Leon folds his arms. “Been wanting to talk to you,” he says, ignoring Jorge.
“I’m all ears,” I grind out, squeezing Jorge’s bicep and hoping he backs off.
It’s difficult to put into words the way I feel right now. Part of me wants to let Jorge go, let him fuck this guy up. Jorge can be scrappy when he wants. He’d often get into brawls as a kid. Seeing the person who touched and kissed and fucked the love of your life is a special kind of twisted. And especially knowing that the guy had a hand in providing Eli with the drugs that put him in the goddamn hospital.
“I’m not looking to fight,” Leon says quickly, looking down at Jorge’s fists.
“Oh, me either. I’m just fucking flexing,” Jorge spits.
“Stop, man. Let them talk,” Devon insists, while Michael, not so subtly, puts his entire body between the two of them.
“You say one wrong word. One ,” Jorge warns.
“It’s fine, stop,” I insist. “Sure. Let’s talk,” I tell Leon.
We both move away from my band. Jorge motioning slitting a throat as we do. I wince because I don’t know what’s gotten into him lately. He’s been almost suffocating with how needy and protective he’s been since we left for the tour. He cuddles me every night and tells me I’m his best friend. Dude, I get it, but like back off a bit. I’ve always been okay with his need to be handsy. That’s just how he is. But it’s to the point where people are going to think we are fucking.
And now this stunt?
I shake those thoughts away because now I’m out of sight…with Leon. “Sup,” I say, deepening my voice and casually puffing up my chest. Yeah, I’m peacocking a little.

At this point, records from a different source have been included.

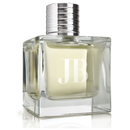 Jack Black Eau de Parfum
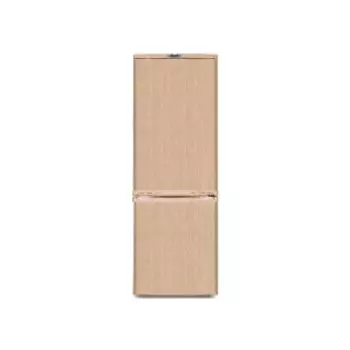 Холодильник DON R 291 бук (BUK)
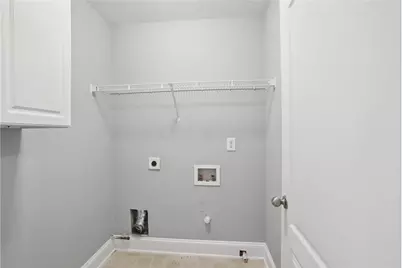 5632 Savannah River Road, Atlanta, GA 30349 - Photo 23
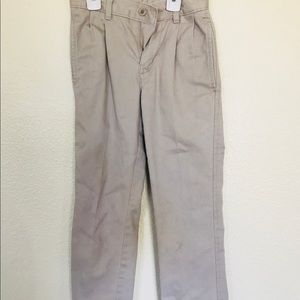 Boy Pant
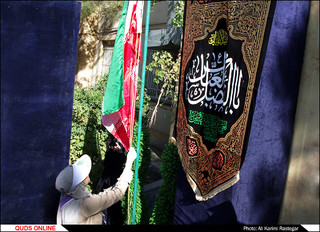 بازگشایی مدارس استان خراسان رضوی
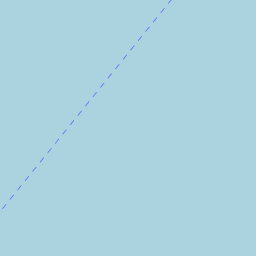 NE map tile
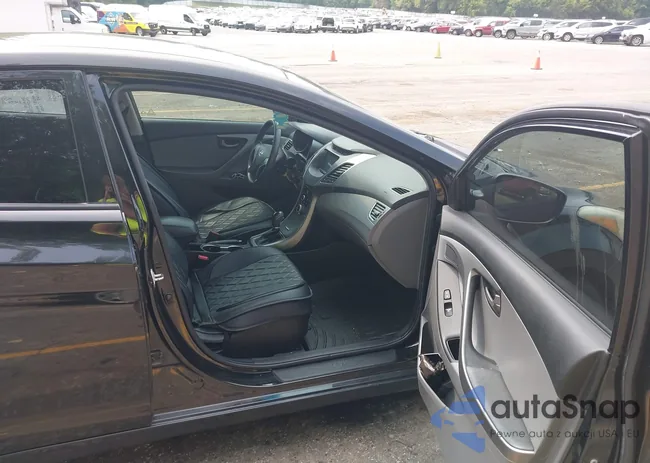 5NPDH4AE8FH623714: 42911798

“I was wondering how Elijah has been?”
He doesn’t deserve to know. He has no right to that information. But the look in his eyes and somewhat defeated body language have me loosening my lips. “He’s doing okay.” I honestly don’t know if he is, but that’s what I’m hoping.
“Yeah?”
“Yeah. He’s…getting some help.”
“Good. Good. I was hoping he would.”
I narrow my eyes on him, feeling like he might think this would be a prime opportunity to get back with Eli. Or contact him. Or think about him as more than a fling that ended and has no chance of restarting. “After all he’s been through, I’m doing all I can to support and help him make healthy choices. He just needed a safe place to make the decision to get better.”
Yeah, it’s a subtle dig. What the fuck ever. Eli is mine. Leon nods, shifting on his feet. “I’m sorry if I made it weird for you.”

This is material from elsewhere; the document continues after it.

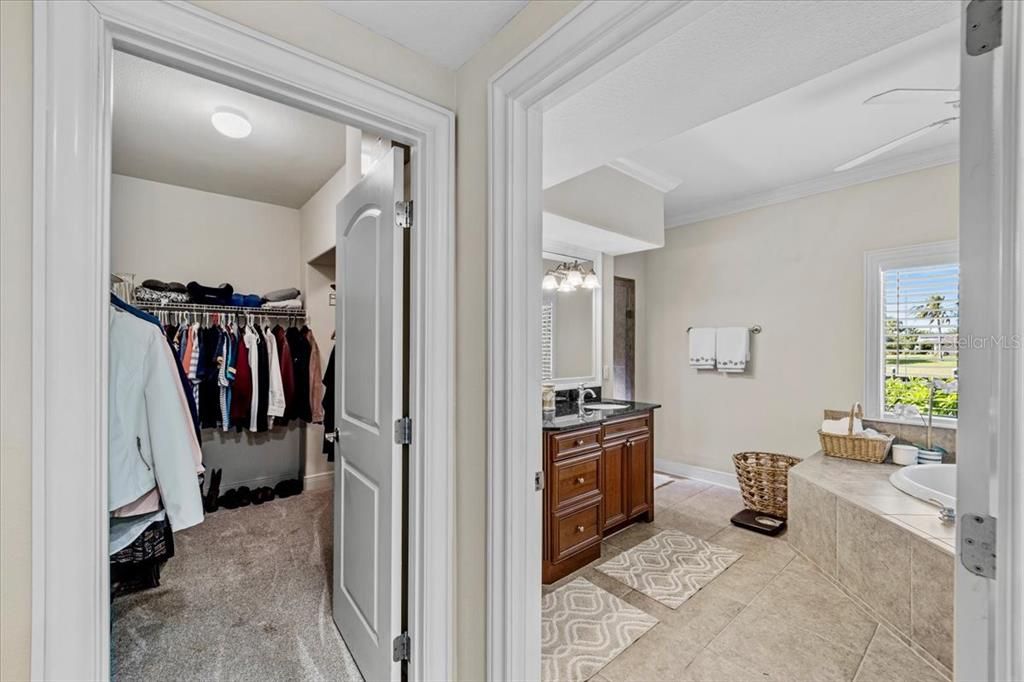 На продажу: $529,000 (2 спален, 2 ванн, 2297 Квадратных фут)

“You didn’t,” I lie through my teeth, wanting this to end. “It’s all good.” It isn’t. He’s a cunt.
“Well, it seems he made a good choice with you…then.”
Damn straight. “I love him,” I say confidently. “It’s always been him for me.”
“I get it.” He smiles a little, but it’s a sad one. “Anyway. That new song is killer. The double peddle during the bridge is wicked.”
And he carries me into a ten-minute conversation about drums.
By the time we split up, I filled in Jorge about what happened, and we finished sound check; I’m ready to return to the hotel. Yeah, it’s weird being on tour with Eli’s ex, even if it was a bullshit relationship, to begin with, but I have to let that shit go. I can’t let my jealousy ruin this for my band. So, I don’t.
We play the show, and I nod to Leon once we take down our stuff. Then, I go back to the hotel to text Eli all about it. I miss him so badly that I let Jorge cuddle me and tell me it will all be alright.